By: Amy Xiang
ACLP Fundraising Manager Andie Pinga has lived all over the world, but one thing each place has in common is a sense of community. Whether it’s Vietnam, where she spent the majority of her childhood, the Massachusetts boarding school she attended with the motto “not for self,” or her current home in small-town Vermont, where neighbors depend on each other, Andie strives to be part of a purpose greater than herself.
“I'm really grateful to have gotten that kind of exposure growing up. It really opened my worldview and made me curious and open-minded about different cultures around the world,” Andie said.
When it came time for college, Andie knew she wanted a place where she would be free to explore her interests and passions, and, just as importantly, she wanted a diverse community with people from all over the world. Coming to Penn, however, was unexpected.
“I've always wanted to experience living in a city, but I never really considered Penn because I thought it was too pre-professional,” Andie said. “But, once I learned more about the school, I realized that Penn provides so many opportunities to pursue whatever career option that you choose.”
Andie is undecided but considering a major in economics and a minor in either anthropology or sociology. After college, she hopes to work with international development, addressing issues such as food security, education, or gender empowerment in communities abroad.

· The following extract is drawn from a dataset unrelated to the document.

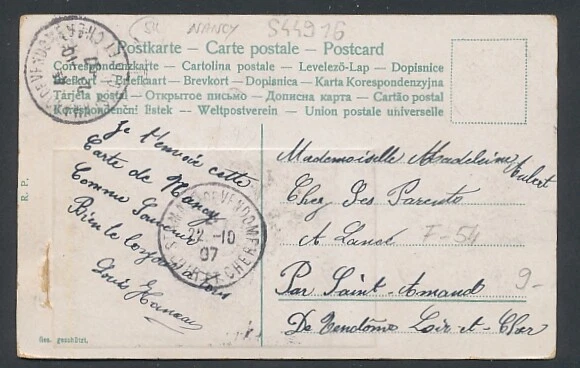 Leporello-CPA Nancy, Arc de Triomphe, Palais Ducal, Place de la Carriere, Mann 2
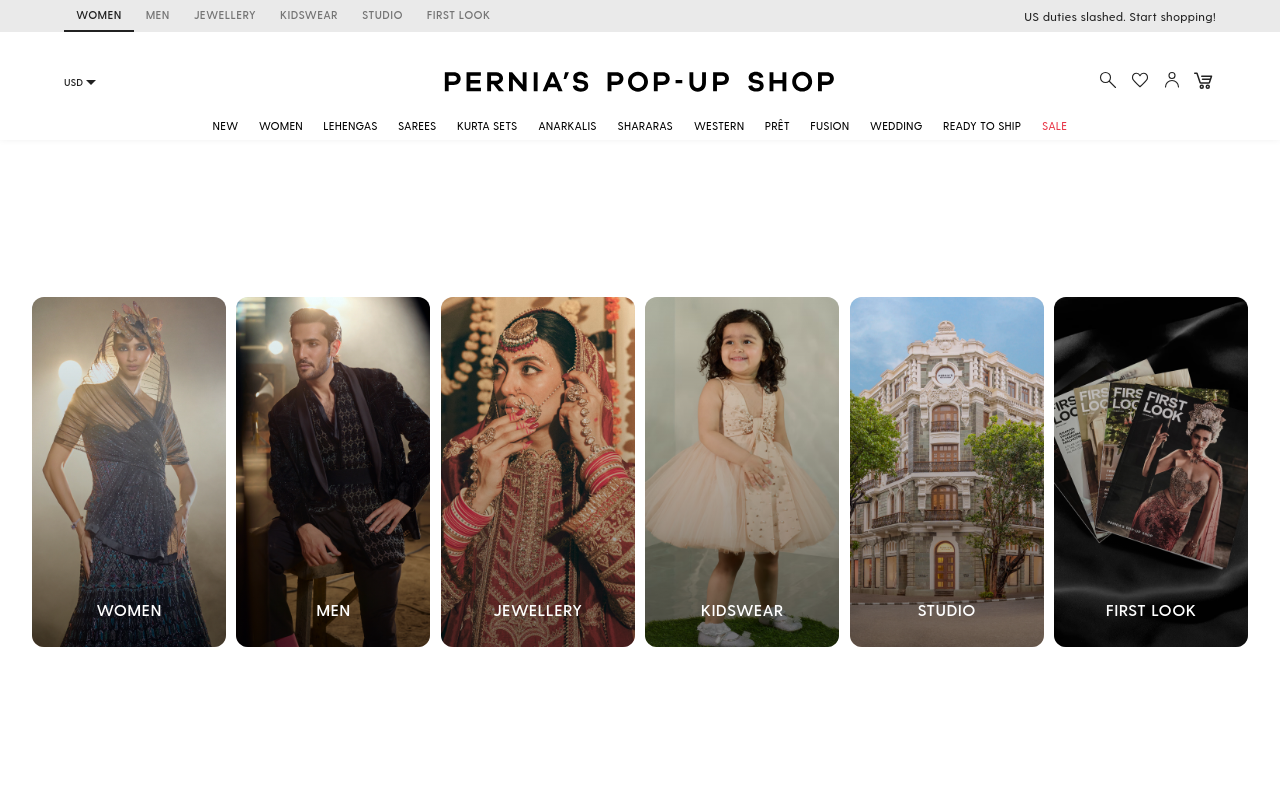 Screenshot of Pernia’s Pop-Up Shop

To pass time in quarantine, Andie has picked up both new and old hobbies. She has been playing the guitar more frequently and has also discovered a love for gardening, adding that her favorite vegetables to grow are cherry tomatoes and eggplants.
Outside of academics, Andie is the co-director of internal affairs for Penn Phillippine Association and a senior deputy for Penn Dems, through which she is involved with a Penn Action Team advocating for education equity funds for Philly public schools. She also designs advertisements for The Daily Pennsylvanian and is a member of the club water polo team.
“In my work with the Penn Action Team, I got to learn more about the public school situation in Philly and the lack of resources provided to students, so I think working with ACLP is a great way to directly support students in their education,” Andie said.
As the fundraising manager, Andie is excited to find ways for the outside community to get involved with ACLP and raise money for the program. What she is looking forward to the most, however, is getting to know the students and creating a welcoming environment for them.
“Something I wish I realized earlier in my life is that spaces to learn about and celebrate your culture are extremely important and you should definitely take advantage of them,” Andie said, adding that she hopes students will see ACLP not only as a college preparatory program, but also as a safe space to discuss their African immigrant experiences.